Problem >>
Using the data that follows, return exactly the lines from the one that contains "Stylish The North" through the one that contains "Sürat Kargo'nun Geciken Teslimat Sorunu", ends included.

Information shown >>
*** Begin section ***
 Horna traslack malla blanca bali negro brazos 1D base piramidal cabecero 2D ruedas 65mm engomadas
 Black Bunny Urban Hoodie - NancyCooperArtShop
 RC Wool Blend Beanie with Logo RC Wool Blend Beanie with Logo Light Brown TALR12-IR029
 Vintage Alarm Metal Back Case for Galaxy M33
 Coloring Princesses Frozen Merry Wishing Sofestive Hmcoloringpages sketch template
*** End section ***
*** Begin section ***
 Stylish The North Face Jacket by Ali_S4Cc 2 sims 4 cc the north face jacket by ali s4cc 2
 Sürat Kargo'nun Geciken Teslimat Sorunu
*** End section ***
*** Begin section ***
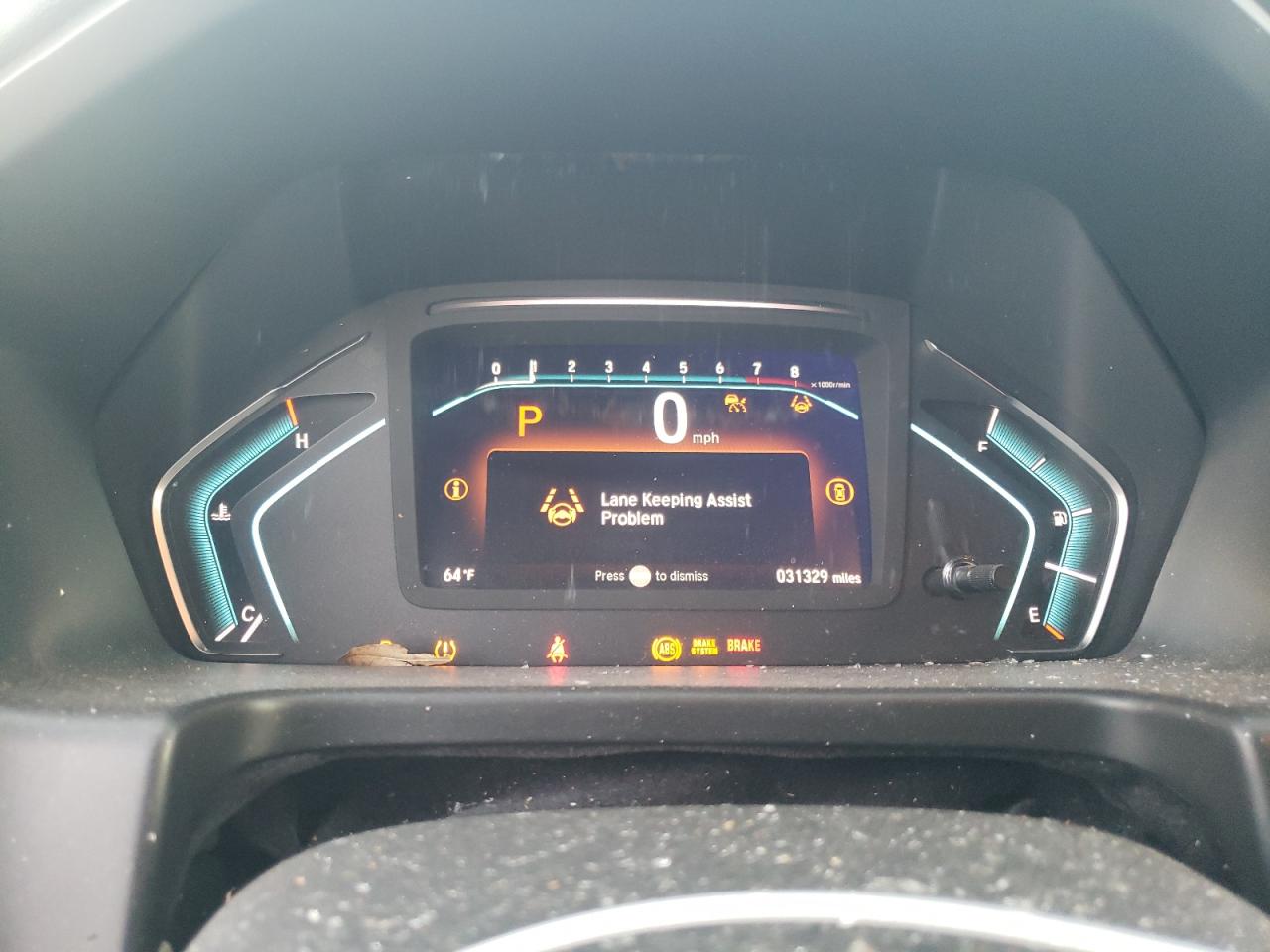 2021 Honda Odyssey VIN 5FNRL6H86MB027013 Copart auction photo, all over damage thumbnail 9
*** End section ***
Reply to the exercise >>
 Stylish The North Face Jacket by Ali_S4Cc 2 sims 4 cc the north face jacket by ali s4cc 2
 Sürat Kargo'nun Geciken Teslimat Sorunu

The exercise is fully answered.